Welcome to Fall Semester!
During the last three weeks, the Wellness Wednesday group (6:30 to 7:30 pm on Zoom and in Egan 211) has covered the following topics: Connecting during the First Week of Classes, Caring for Yourself While Caring for Someone Else, and Time Management Techniques. These topics are important because many folks may be trying to connect the first week of classes, may experience difficulty managing their time, may not know what to do if someone they know is struggling with their mental health.

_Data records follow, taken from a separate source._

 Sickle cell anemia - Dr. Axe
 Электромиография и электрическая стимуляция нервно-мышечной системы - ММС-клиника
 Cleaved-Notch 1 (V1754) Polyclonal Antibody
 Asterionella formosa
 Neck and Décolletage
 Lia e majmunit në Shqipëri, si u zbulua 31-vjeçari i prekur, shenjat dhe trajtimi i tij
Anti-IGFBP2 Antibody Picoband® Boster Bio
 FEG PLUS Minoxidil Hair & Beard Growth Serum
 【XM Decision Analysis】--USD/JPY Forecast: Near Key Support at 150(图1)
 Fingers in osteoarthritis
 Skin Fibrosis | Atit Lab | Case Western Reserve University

Recognizing what helps you feel connected, seen, and appreciated by another person starts with knowing yourself what it is. Take the Five Love Languages quiz (created by Dr. Gary Chapman; https://5lovelanguages.com/) to learn more about what makes you feel loved and cared for. Do hearing supportive statements help you feel appreciated (Words of Affirmation)? Does a hug or someone holding your hand help you feel grounded (Physical Touch)? Is it important to spend time with people you care about (Quality Time)? Does someone doing the dishes for you make you feel really cared for (Acts of Service)? Does a thoughtful gift make a difference for you (Giving Gifts)?
Once you identify what you need in relationships, you can talk with others about how they might be able to help or you can do things for yourself that help you meet this important need. Communication breakdowns, including missed ways of feeling cared for, are one of the most frustrating experiences in relationships and can lead to challenging emotions like resentment.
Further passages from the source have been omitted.